John Ford wanted to shoot in Wales or at least England, but it was not possible due to the incessant German attack upon the United Kingdom. So they built an entire 80-acre village in the Santa Monica Mountains, with the colliery looming at the top of the hill.
Early on it is a comforting sight as all the men trot up and down to and from work, representing opportunity and hard work rewarded. Toward the end it has become a virtual foreboding prison, a source of death and suffering as the owners stifle wages and increase production to night shifts. Gwilym’s death during one of these marks the film’s end, a bleak marker denoting that Huw, though still a child, has become the head of the household.
Watching it for the first time, I couldn’t help but be reminded of Frank McCourt’s “Angela’s Ashes,” with a similar young boy growing up in an Ireland devoid of opportunity. McCourt made it out through a love of words and education, but Huw rejects that path to uphold a family tradition that is eventually shown to be unworthy of that devotion.

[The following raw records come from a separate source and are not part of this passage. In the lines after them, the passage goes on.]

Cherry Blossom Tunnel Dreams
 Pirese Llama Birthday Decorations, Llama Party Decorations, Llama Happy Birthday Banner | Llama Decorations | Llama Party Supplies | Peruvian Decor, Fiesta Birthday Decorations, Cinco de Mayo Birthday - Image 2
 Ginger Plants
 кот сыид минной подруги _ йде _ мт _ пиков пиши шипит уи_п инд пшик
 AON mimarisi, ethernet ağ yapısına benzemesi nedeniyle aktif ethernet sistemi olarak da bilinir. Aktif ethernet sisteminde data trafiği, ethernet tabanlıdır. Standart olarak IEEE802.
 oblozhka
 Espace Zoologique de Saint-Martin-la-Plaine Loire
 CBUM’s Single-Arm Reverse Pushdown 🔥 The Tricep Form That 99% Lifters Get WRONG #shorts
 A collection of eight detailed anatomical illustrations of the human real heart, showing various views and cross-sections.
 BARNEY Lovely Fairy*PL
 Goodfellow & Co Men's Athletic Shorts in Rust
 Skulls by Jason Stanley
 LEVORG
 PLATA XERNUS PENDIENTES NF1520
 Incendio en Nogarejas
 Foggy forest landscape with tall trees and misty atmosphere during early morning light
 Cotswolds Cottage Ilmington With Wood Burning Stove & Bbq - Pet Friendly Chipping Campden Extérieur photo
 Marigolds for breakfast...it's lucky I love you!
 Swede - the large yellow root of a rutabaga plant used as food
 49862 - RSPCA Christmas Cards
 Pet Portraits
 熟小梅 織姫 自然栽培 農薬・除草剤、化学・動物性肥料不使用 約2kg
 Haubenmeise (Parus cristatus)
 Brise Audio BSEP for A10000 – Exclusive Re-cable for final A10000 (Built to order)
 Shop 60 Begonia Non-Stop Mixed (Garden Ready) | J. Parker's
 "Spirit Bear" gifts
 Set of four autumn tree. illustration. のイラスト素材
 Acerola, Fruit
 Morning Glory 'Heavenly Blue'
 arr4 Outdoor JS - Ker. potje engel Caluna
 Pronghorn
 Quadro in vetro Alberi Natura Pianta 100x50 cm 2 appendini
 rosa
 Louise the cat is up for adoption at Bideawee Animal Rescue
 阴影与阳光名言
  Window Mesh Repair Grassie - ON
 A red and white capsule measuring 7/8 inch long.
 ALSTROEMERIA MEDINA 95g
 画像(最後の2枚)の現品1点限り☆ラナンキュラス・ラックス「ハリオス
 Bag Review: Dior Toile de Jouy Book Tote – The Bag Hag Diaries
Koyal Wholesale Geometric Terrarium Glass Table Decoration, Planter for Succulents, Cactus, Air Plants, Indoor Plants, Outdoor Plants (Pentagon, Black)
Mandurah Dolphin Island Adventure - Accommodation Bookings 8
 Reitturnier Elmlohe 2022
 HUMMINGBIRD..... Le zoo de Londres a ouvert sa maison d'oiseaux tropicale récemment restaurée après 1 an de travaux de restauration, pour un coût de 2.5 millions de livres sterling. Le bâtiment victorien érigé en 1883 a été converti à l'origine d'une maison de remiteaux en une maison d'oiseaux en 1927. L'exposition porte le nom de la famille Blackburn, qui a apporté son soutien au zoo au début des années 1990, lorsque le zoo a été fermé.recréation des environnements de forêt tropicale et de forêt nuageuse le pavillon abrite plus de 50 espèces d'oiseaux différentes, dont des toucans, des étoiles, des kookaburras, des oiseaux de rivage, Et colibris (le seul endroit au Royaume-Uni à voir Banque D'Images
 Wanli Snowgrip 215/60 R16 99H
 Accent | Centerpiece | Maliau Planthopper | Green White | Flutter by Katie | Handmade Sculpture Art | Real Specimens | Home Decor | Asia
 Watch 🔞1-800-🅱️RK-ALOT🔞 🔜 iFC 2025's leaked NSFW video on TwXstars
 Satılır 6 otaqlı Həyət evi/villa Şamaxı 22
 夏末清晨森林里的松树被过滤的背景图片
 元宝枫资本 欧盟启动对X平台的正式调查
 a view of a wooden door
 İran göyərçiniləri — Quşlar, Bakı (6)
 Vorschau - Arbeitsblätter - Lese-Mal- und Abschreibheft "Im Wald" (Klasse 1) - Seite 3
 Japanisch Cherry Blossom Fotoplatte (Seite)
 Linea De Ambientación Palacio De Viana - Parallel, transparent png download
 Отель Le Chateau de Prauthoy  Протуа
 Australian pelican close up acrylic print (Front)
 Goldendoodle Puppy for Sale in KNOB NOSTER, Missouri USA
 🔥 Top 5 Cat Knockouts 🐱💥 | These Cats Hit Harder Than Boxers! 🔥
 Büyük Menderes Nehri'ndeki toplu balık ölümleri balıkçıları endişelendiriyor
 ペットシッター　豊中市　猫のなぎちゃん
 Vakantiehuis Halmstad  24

Is “How Green Was My Valley” really so undeserving a Best Picture? I don’t think so. I personally think “Citizen Kane” is vastly overrated as a GOAT film; it’s technically brilliant but has all the emotional impact of a moldy kumquat.
Whereas “Valley,” if occasionally wandering into maudlin territory, in many ways represents the best sort of cinema. It’s an authentic and genuinely moving portrait of human suffering and the grace that grows in bearing it.